Aunt Petunia slammed the phone down. "Change of plans. One of Ms. Figg's cat is sick." The front door opened as a rat-looking boy walked into the house. Piers Polkiss, neighborhood menace casually strolled into the house with Dudley following soon after. Apparently, Dudley had run off to find his best friend to take him to the zoo.

"Freak, you're coming with us too," Vernon said. Harry shrugged. While he would have preferred to go to Figg's house and taken a few things that caught his eye, he had never been to a zoo before, and he wanted to go to see what it was like. He was about to leave with the others when Vernon had brought him back, saying "Freak, no funny business."

"Ah yes," Harry though. His accomplice in crime was his 'funny business'. Whenever he was almost caught, his 'funny business', for lack of a better phrase, would act up. With it, he was capable of traveling anywhere he wanted to go in a second. He slowly gained conscious control over his traveling method. He called it teleportation, and he used it frequently. He frequented many stores with a mask over his face, and took whatever he wanted then teleported out. He did not care if it was stealing, as his conscience disappeared when he turned 5. He did not have the luxury to consider morals, or right and wrong.

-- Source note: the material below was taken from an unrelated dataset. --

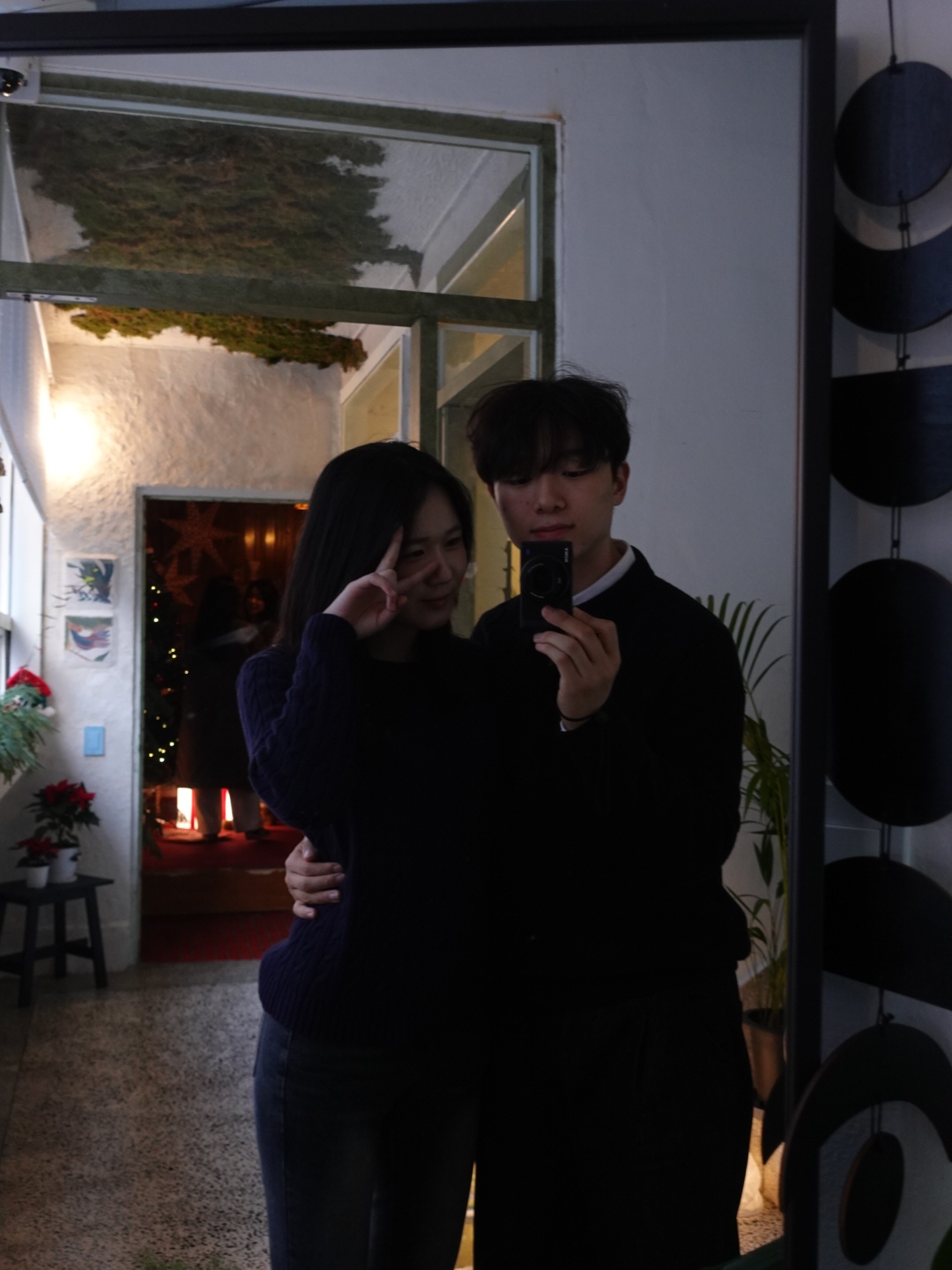 Sony Camera RX100M7, [30%적립] Polo Ralph Lauren Cable Knit Cotton Sweater Black 착용 스타일 - 7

He just needed to survive, a hard task with all the beatings that he went through. But even then, his 'funny business' healed him up very quickly, leaving him ready to go the next day. Eventually, he obtained mental control over his pain senses, and when he knew that he was going to have a beating, he retreated to a corner of his mind so that he could numb the pain. It did not fully work, but it was better than nothing.

"Of course, Uncle Vernon," Harry replied.

"Good" Vernon said.

Harry walked out of the house and into the large car that the Dursleys owned, excited by what the trip to the zoo would hold for him.